====== GIVEN RECORDS ======

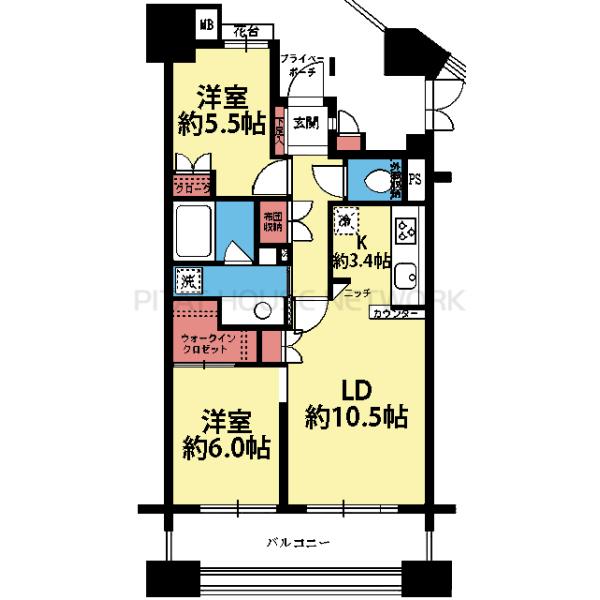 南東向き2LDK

======
====== GIVEN RECORDS ======

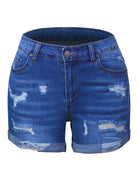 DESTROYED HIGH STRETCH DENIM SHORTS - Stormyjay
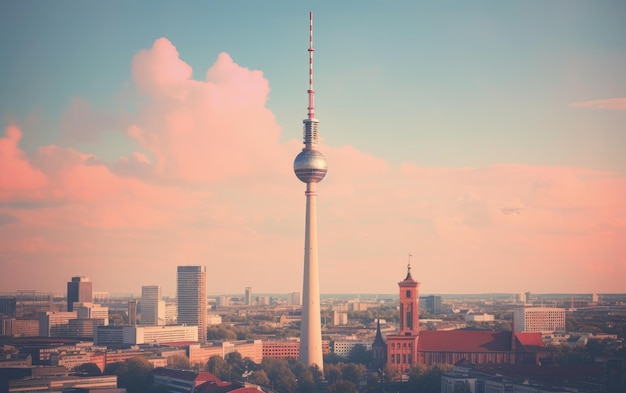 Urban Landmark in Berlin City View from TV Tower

======
====== GIVEN RECORDS ======

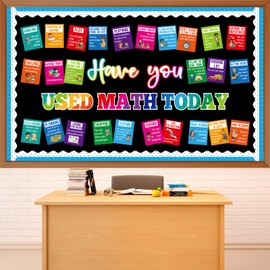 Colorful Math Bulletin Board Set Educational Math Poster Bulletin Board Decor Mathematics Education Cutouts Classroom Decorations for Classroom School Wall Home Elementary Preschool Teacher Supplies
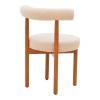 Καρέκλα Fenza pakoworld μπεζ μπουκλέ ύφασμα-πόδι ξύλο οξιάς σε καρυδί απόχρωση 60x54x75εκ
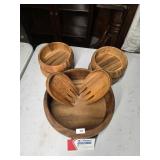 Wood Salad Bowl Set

======

__WORK INSTRUCTIONS__.
Look back at the data above, then output exactly the lines from the line holding "Καρέκλα Fenza pakoworld" up to and including the line holding "Wood Salad Bowl Set". Leave out the pictures.

__ANSWER SECTION__.
 Καρέκλα Fenza pakoworld μπεζ μπουκλέ ύφασμα-πόδι ξύλο οξιάς σε καρυδί απόχρωση 60x54x75εκ
 Wood Salad Bowl Set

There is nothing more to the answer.